There have been various proposals for intellectual property protection, highlighted with the newly released IP protection white paper by VSIA. In this project, students will see the big picture of IP protection in the content of system design. In particular, they will learn the state-of-the-art IP protection techniques, such as digital signature, watermarking, and fingerprinting. More important, undergraduate students will gain the experience in implementing such techniques to embed information into a couple of real life system design problems.
8.
Low
Power Embedded System Design via Voltage Scaling
Prof. Gang Qu
Modern embedded systems require high mobility, low power consumption, and high performance among others to support applications with heavy workloads such as communication and digital signal processing applications. The dominant source of system's power dissipation is the dynamic power, which happens when we switch the signal from low to high or vice versa. Early simulation shows that voltage scaling is one of the most powerful tools to reduce system's power consumption. In this technique, power is saved by using a lower supply voltage when the system is not at peak performance. However, the trade-off is that the system's speed goes down with the lower voltage. The problem is how to build a voltage profile to minimize the system's power consumption without violating application's timing constraints. Undergraduate students will learn (1) how multiple voltages are integrated on a system, (2) how to do task scheduling on multiple voltage processor, and (3) how to develop on-line algorithms for real-time applications.
9.
Satisfiability
Problem and its Application in VLSI CAD
Prof. Gang Qu
In the (boolean) satisfiability problem, we are given a formula on a set of (boolean) variables, and we are asked to assign each variable either 0 or 1 to make the formula true. The formula consists of variables and three types of basic operations: (i) '+': x+y is true if at least one of the variables x and y gets a value '1'; (ii) '*': x*y is true if and only if both x and y get value '1'; (iii) ''': x' is true if and only if x gets a value '0'. For example, any of the following assignment will make formula x'+y*z true: {x=0, y=0, z=1}, {x=1, y=1, z=1}, {x=0, y=1, z=1}.

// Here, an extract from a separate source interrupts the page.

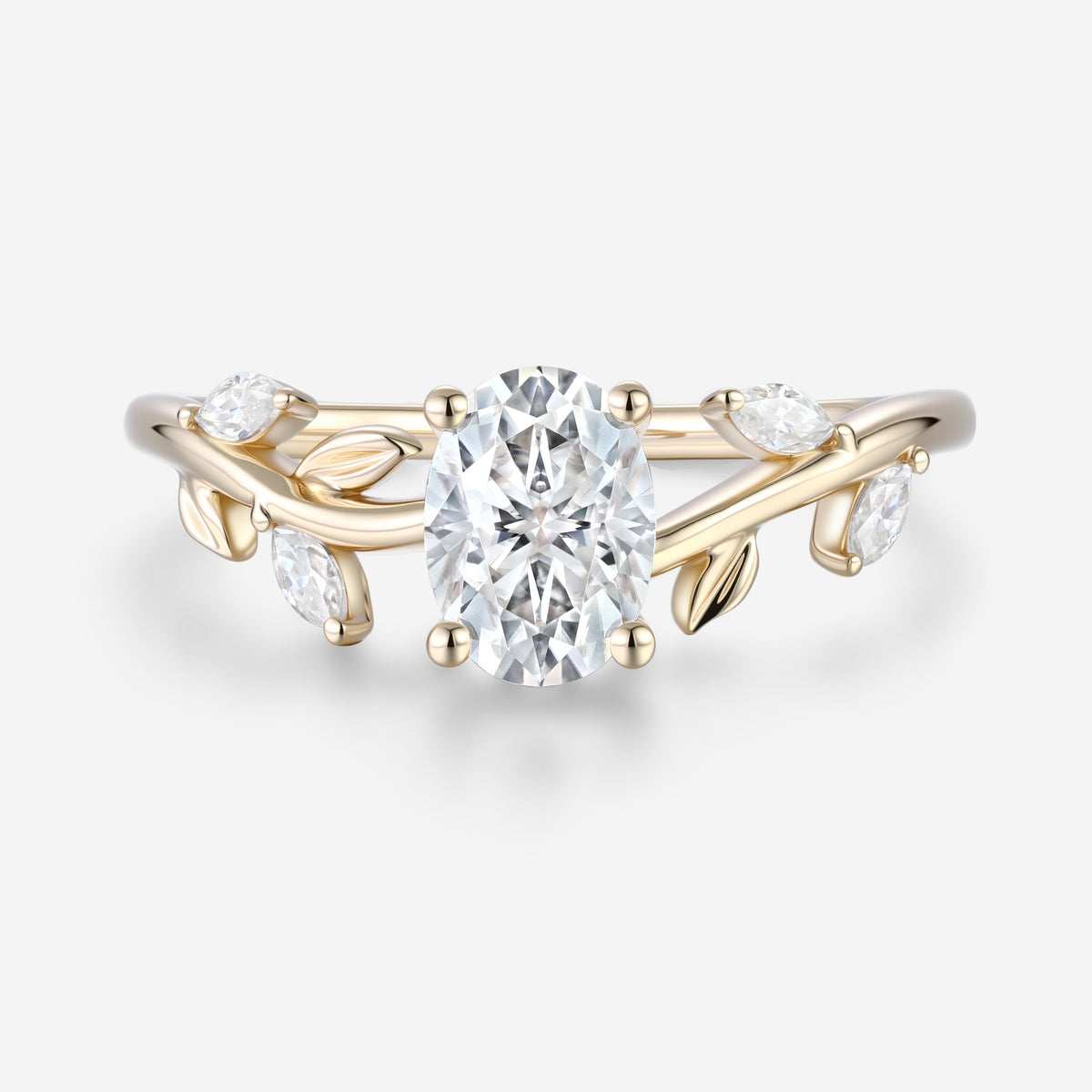 1.5 Carat Vintage Oval cut Moissanite leaf Engagement Ring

The satisfiability problem has numerous applications in computer science, complexity theory, and very large scale integrated(VLSI) circuits computer aided design(CAD). The problem is hard and many heuristics have been proposed trying to solve it. Because these problem solvers come from very different fields and target very different type of formulas, it is difficult to compare their performance. Our goals in this project include: (1) understanding the problem and basic ideas of different solvers, (2) building testbeds for different solvers, (3) developing new algorithms to solve the problem, and (4) improving C/C++/JAVA programing skills.